Description of problem: Since NSS_SDB_USE_CACHE=no is not set before calling curl in the container health checks, the dentry cache on controller nodes grows continually. On controllers with a larger amount of RAM, this can lead to soft lockups once memory pressure forces a reclamation of the extraneous cache entries. See RHBZ 1044666 for background. Version-Release number of selected component (if applicable): 13.0 How reproducible: Run the following systemtap script on a containerized OSP13 controller: probe kernel.function("d_alloc").return { log(reverse_path_walk($return)) } Observe many repeated calls referencing lib/docker/overlay2/<some_id>/diff/etc/pki/nssdb/.<some_number>_dOeSnotExist_.db Steps to Reproduce: 1. Deploy an OSP13 environment with containerized control plane 2. Run the systemtap script above for 1 minute 3. Observe many calls for nonexistent NSS DB files 4. Run the following to add NSS_SDB_USE_CACHE=no to the healthcheck function: docker ps -q | xargs -I {} docker exec -u root {} sed -i '/^healthcheck_curl/a \ \ export NSS_SDB_USE_CACHE=no' /usr/share/openstack-tripleo-common/healthcheck/common.sh 5. Re-run the systemtap script 6. Observe a large reduction (90%+) in dentry cache calls over 1 minute Actual results: [root@ctl01 ~]# stap -o test1.out -T 60 dentry.stap [root@ctl01 ~]# wc -l test1.out 186526 test1.out [root@ctl01 ~]# grep dOeSnotExist test1.out | wc -l 158649 Expected results: [root@ctl01 ~]# stap -o test2.out -T 60 dentry.stap [root@ctl01 ~]# wc -l test2.out 17544 test2.out [root@ctl01 ~]# grep dOeSnotExist test2.out | wc -l 0
The customer environment where this behavior was noted originally had approximately 1 GB of dentry cache growth every 10 minutes. After applying the in-place change to /usr/share/openstack-tripleo-common/healthcheck/common.sh, that dropped to less than 10MB per 10 minutes.

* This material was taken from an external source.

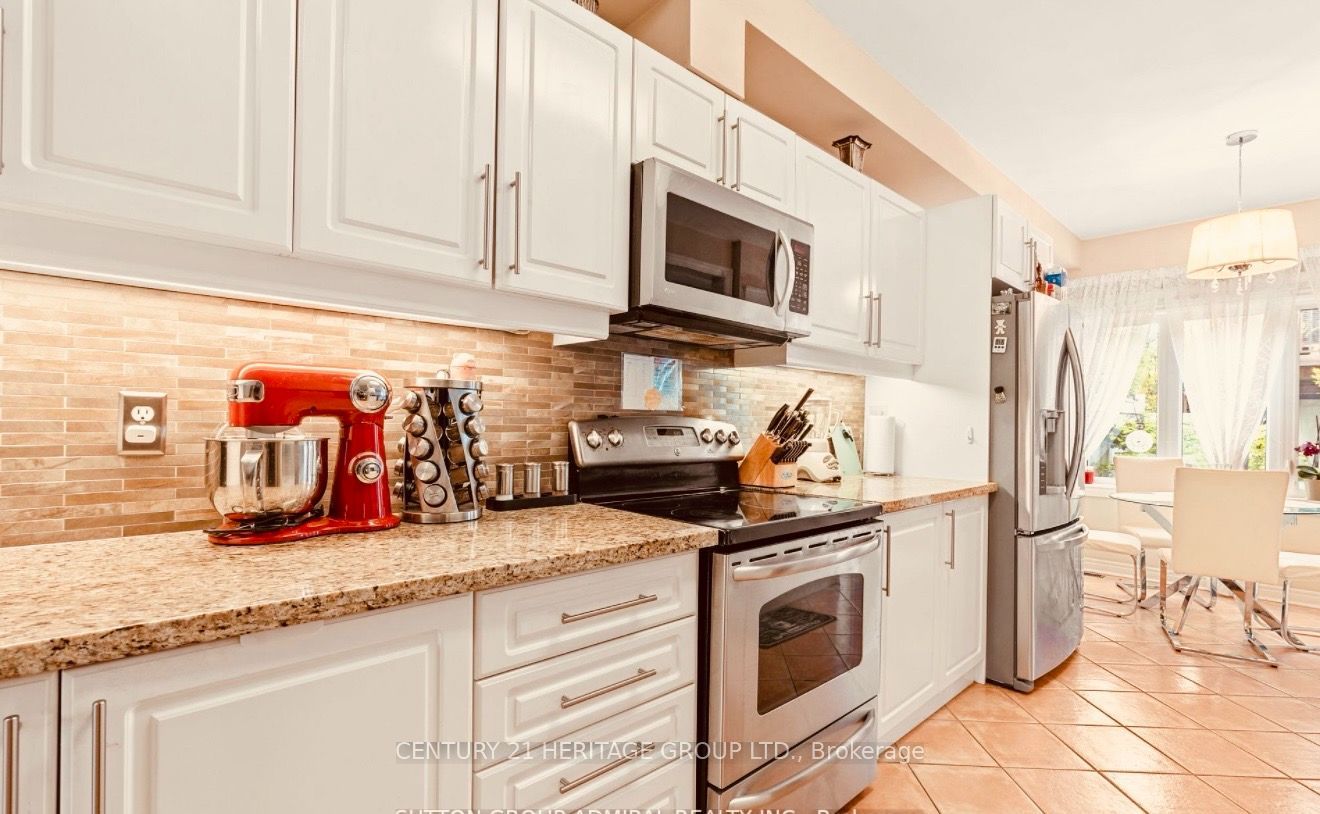 255 Shaftsbury Avenue 63 Property Photo 14
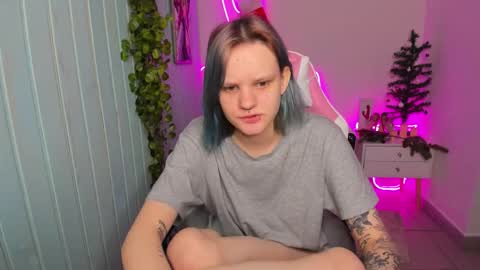 elieiza_xo online show from December 15, 9:27 am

openstack-tripleo-common-8.6.8-3.el7ost.noarch
Since the problem described in this bug report should be resolved in a recent advisory, it has been closed with a resolution of ERRATA. For information on the advisory, and where to find the updated files, follow the link below. If the solution does not work for you, open a new bug report. https://access.redhat.com/errata/RHBA-2019:0939
*** Bug 1737305 has been marked as a duplicate of this bug. ***